Ils ont fui la guerre, les massacres et l’instabilité. Aujourd’hui, c’est l’exil lui-même qui vacille. À Champaign, dans l’Illinois, aux Etats-Unis d’Amérique, la communauté rd-congolaise retient son souffle après la nouvelle interdiction de voyager décrétée par Donald Trump. Officiellement, la République démocratique du Congo n’est pas visée. Mais pour John Matanda, à la tête de l’organisation communautaire congolaise du comté de Champaign, le doute n’est plus permis : « Je n’ai pas peur pour moi, dit-il, mais j’ai les larmes aux yeux rien qu’à penser que demain, le pays que j’ai quitté pour survivre pourrait être rayé de la carte des bienvenus. » Soupçons, repli, peur de sortir ou de travailler : les fantômes de l’arbitraire migratoire planent sur des milliers d’hommes, de femmes et d’enfants venus chercher refuge et dignité.
La nouvelle restriction migratoire annoncée par l’administration Trump a ravivé l’angoisse au sein des communautés africaines du Midwest, notamment chez les ressortissants congolais installés dans le centre-est de l’Illinois.

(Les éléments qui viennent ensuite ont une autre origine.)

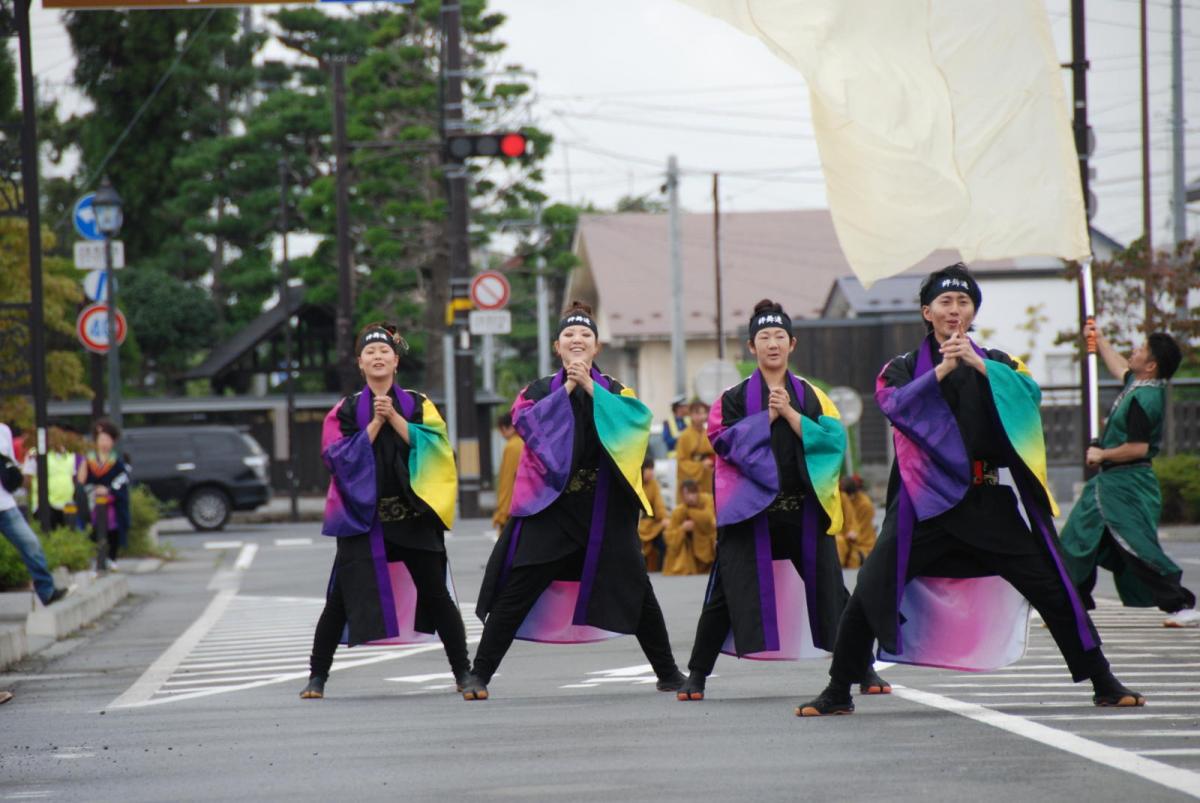 第15回奥州YOSAKOI in みずさわ2016その2 2016/09/18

Bien que la République démocratique du Congo (RDC) ne figure pas sur la liste des 12 pays désormais frappés par cette interdiction d’entrée sur le sol américain, la crainte d’un élargissement de la mesure gagne du terrain.

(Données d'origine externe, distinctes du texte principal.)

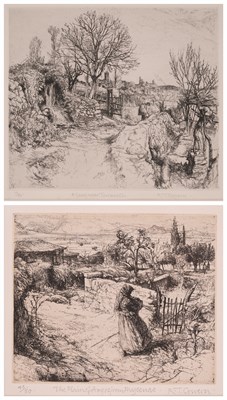 Lot 437 - RAYMOND TEAGUE COWERN RA (BRITISH 1913-1986)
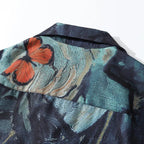 Butterfly Print Shirt — front view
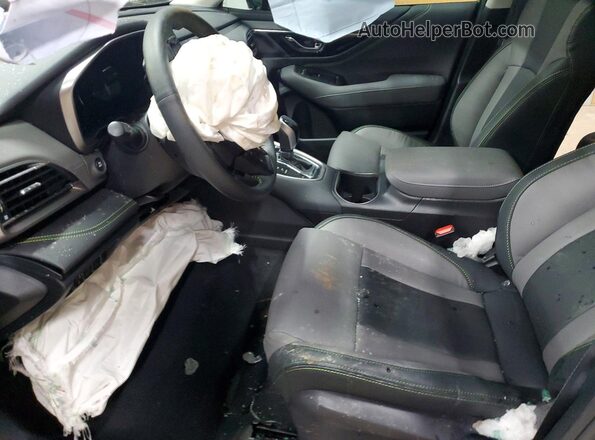 4S4BTGLD9S3285060 2025 SUBARU OUTBACK Green Widok wnętrza z przodu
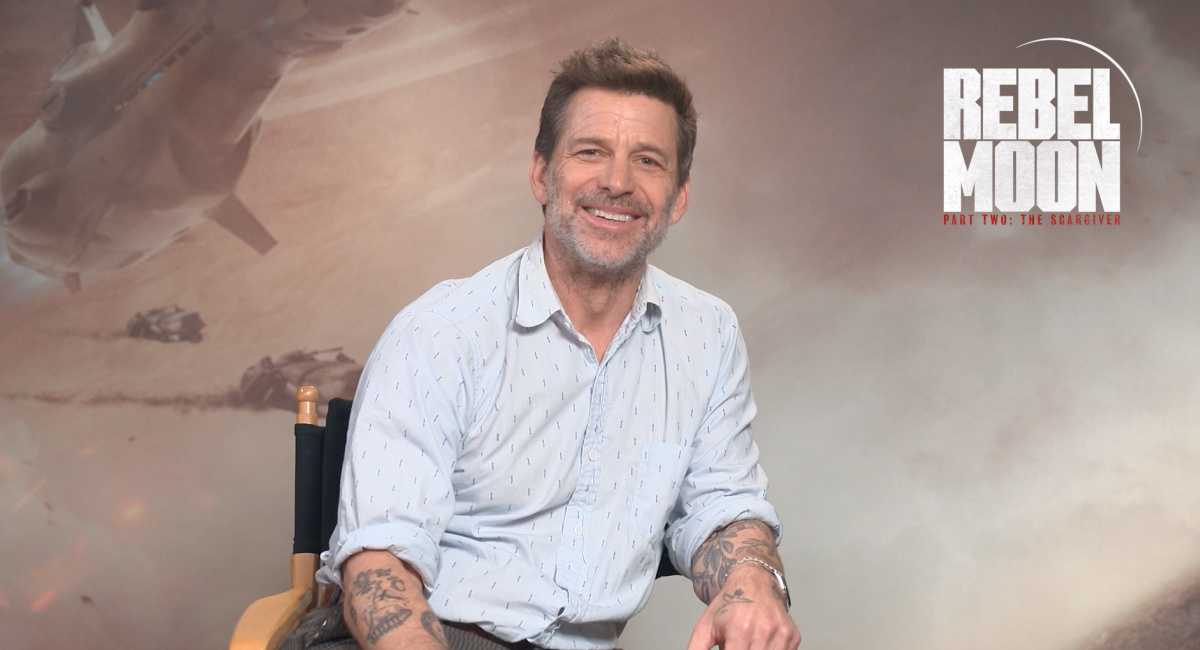'Rebel Moon – Part Two: The Scargiver' Interview: Zack Snyder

Dans la région de Champaign-Urbana, où résident plus de 6 000 Congolais – pour la plupart originaires de la RDC –, la nouvelle directive de sécurité nationale a été reçue comme un signal préoccupant. À la tête de l’organisation communautaire congolaise du comté de Champaign, John Matanda fait part de l’inquiétude croissante de ses compatriotes. « Je n’ai pas peur pour moi », confie-t-il. « Mais j’ai les larmes aux yeux rien qu’à imaginer que demain, le pays d’où je viens puisse lui aussi être interdit. »
Méfiance et repli
Officiellement, la mesure vise à empêcher l’entrée de ressortissants étrangers perçus comme présentant une menace pour la sécurité nationale. Officieusement, elle alimente un climat de suspicion, en particulier parmi les communautés venues de régions instables. Nombre de Congolais de l’Illinois ont fui les conflits armés qui secouent l’Afrique centrale depuis plus de deux décennies. Beaucoup sont aujourd’hui installés légalement sur le sol américain, mais redoutent d’être à nouveau pris pour cible.
« J’ai vu des gens renoncer à se rendre à un événement de la municipalité de Cunningham pour immatriculer leur véhicule ou obtenir une carte d’identité », déplore John Matanda. « Ils avaient peur que ce soit un piège, une opération pour les arrêter. »
Des craintes similaires ont été rapportées autour des lieux de travail. « Certaines personnes ne voulaient même plus aller travailler, simplement par peur d’être contrôlées », ajoute-t-il.
Une communauté en quête de sécurité
En toile de fond, c’est le sentiment d’être stigmatisé qui s’installe. « Les mauvaises personnes peuvent venir de partout », souligne Matanda. « Mais la communauté congolaise est composée de gens pacifiques, qui cherchent simplement un endroit sûr où vivre. »
Le président américain, lui, défend la mesure comme une décision de bon sens. Dans un communiqué, l’administration indique que la nouvelle interdiction vise à empêcher l’entrée de ressortissants étrangers « nourrissant des sentiments hostiles » à l’égard des États-Unis.
Mais pour les Congolais du comté de Champaign, les effets de cette politique se font déjà sentir, au-delà du champ juridique. Ils touchent aux représentations, à la confiance, à la possibilité de s’insérer sereinement dans la société d’accueil. « Les gens veulent se sentir en sécurité. Jusqu’ici, les États-Unis étaient cet endroit pour nous », insiste Matanda.